Return the records word for word. Any pictures in them are not part of the copy.
☆ ☆ ☆
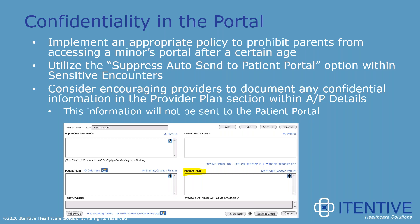Another option would be to mark encounters as sensitive in NextGen EHR and ensure you select the suppress auto-send to patient portal option. Last, consider encouraging your providers to document any confidential information in the provider plan section within AP details — if documented in that provider plan box, that information will not be sent to the patient portal. However, while those notes are not sent directly to the portal, patients can still request this as part of their record.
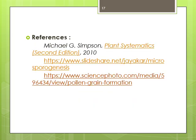This was all about the topic of microsporogenesis. Thank you so much.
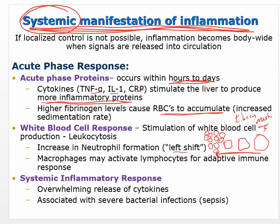Macrophages may activate lymphocytes — B cells and T cells — as another white blood cell response. A systemic inflammatory response involves overwhelming release of cytokines. Sometimes this can be very bad: if you have bacterial infections in the blood, you can get sepsis — an infection that has moved into the blood causing a system-wide inflammatory response, which can actually be deadly. So the systemic response involves: acute phase proteins being made, white blood cell response with neutrophils and macrophages, macrophage activation of lymphocytes, and then the overwhelming release of cytokines.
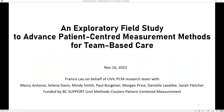Hello everyone. The topic of today's seminar is an accessibility theory to advance patients' central measurement method for team-based care, and our speaker is Dr. Francis Lopp. Dr. Francis is a professor in the School of Health Information Science at the University of Victoria. He is a PhD graduate in Applied Science in Medicine from the University of Alberta with specialization in medical informatics.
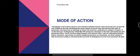Mode of Action: Tolbutamide lowers blood glucose concentration. It lowers blood glucose in patients with NIDDM by directly stimulating the acute release of insulin from functioning beta cells of pancreatic islet tissue by an unknown process that involves a sulfonylurea receptor.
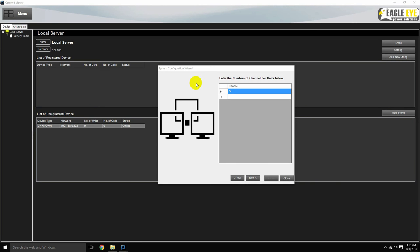This next screen will only appear if you are using an IPQMS. The purpose of this screen is to confirm how many cells each relaying unit is monitoring. In our case, we have one relaying unit, and it's monitoring 24 cells.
☆ ☆ ☆
- **Answer for this exercise**:
Another option would be to mark encounters as sensitive in NextGen EHR and ensure you select the suppress auto-send to patient portal option. Last, consider encouraging your providers to document any confidential information in the provider plan section within AP details — if documented in that provider plan box, that information will not be sent to the patient portal. However, while those notes are not sent directly to the portal, patients can still request this as part of their record.
This was all about the topic of microsporogenesis. Thank you so much.
Macrophages may activate lymphocytes — B cells and T cells — as another white blood cell response. A systemic inflammatory response involves overwhelming release of cytokines. Sometimes this can be very bad: if you have bacterial infections in the blood, you can get sepsis — an infection that has moved into the blood causing a system-wide inflammatory response, which can actually be deadly. So the systemic response involves: acute phase proteins being made, white blood cell response with neutrophils and macrophages, macrophage activation of lymphocytes, and then the overwhelming release of cytokines.
Hello everyone. The topic of today's seminar is an accessibility theory to advance patients' central measurement method for team-based care, and our speaker is Dr. Francis Lopp. Dr. Francis is a professor in the School of Health Information Science at the University of Victoria. He is a PhD graduate in Applied Science in Medicine from the University of Alberta with specialization in medical informatics.
Mode of Action: Tolbutamide lowers blood glucose concentration. It lowers blood glucose in patients with NIDDM by directly stimulating the acute release of insulin from functioning beta cells of pancreatic islet tissue by an unknown process that involves a sulfonylurea receptor.
This next screen will only appear if you are using an IPQMS. The purpose of this screen is to confirm how many cells each relaying unit is monitoring. In our case, we have one relaying unit, and it's monitoring 24 cells.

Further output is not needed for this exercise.